Exposing DeepFakes via Hyperspectral Domain Mapping
Aditya Mehta, Swarnim Chaudhary, Pratik Narang, Jagat Sesh Challa
TL;DR
The paper addresses the vulnerability of RGB-based deepfake detectors to artifacts that are subtle or misrepresented in three broad spectral channels. It introduces HSI-Detect, a two-stage framework that first reconstructs a 31-channel hyperspectral image from RGB inputs using MST++ and then performs detection in the hyperspectral domain with a Disentanglement-based Spectral Detection Network, guided by Multi-task Classification, Contrastive Regularization, and Reconstruction losses. Empirically, HSI-Detect yields higher average ROC-AUC than RGB baselines and recent methods, particularly on DeepFakes and FaceSwap, across unseen manipulations.
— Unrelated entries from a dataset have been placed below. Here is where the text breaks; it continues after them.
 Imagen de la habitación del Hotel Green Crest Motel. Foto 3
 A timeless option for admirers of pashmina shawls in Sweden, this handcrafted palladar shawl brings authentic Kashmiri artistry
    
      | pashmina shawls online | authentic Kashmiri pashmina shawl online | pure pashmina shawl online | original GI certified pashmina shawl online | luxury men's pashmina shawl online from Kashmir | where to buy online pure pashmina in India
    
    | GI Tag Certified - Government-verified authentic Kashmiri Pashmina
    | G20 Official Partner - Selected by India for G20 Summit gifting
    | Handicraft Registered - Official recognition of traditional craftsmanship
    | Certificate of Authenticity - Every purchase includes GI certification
This demonstrates that hyperspectral representations can provide more robust and generalizable deepfake detection, with practical implications for forensic analysis and security tools.
Abstract
Modern generative and diffusion models produce highly realistic images that can mislead human perception and even sophisticated automated detection systems. Most detection methods operate in RGB space and thus analyze only three spectral channels. We propose HSI-Detect, a two-stage pipeline that reconstructs a 31-channel hyperspectral image from a standard RGB input and performs detection in the hyperspectral domain. Expanding the input representation into denser spectral bands amplifies manipulation artifacts that are often weak or invisible in the RGB domain, particularly in specific frequency bands. We evaluate HSI-Detect across FaceForensics++ dataset and show the consistent improvements over RGB-only baselines, illustrating the promise of spectral-domain mapping for Deepfake detection.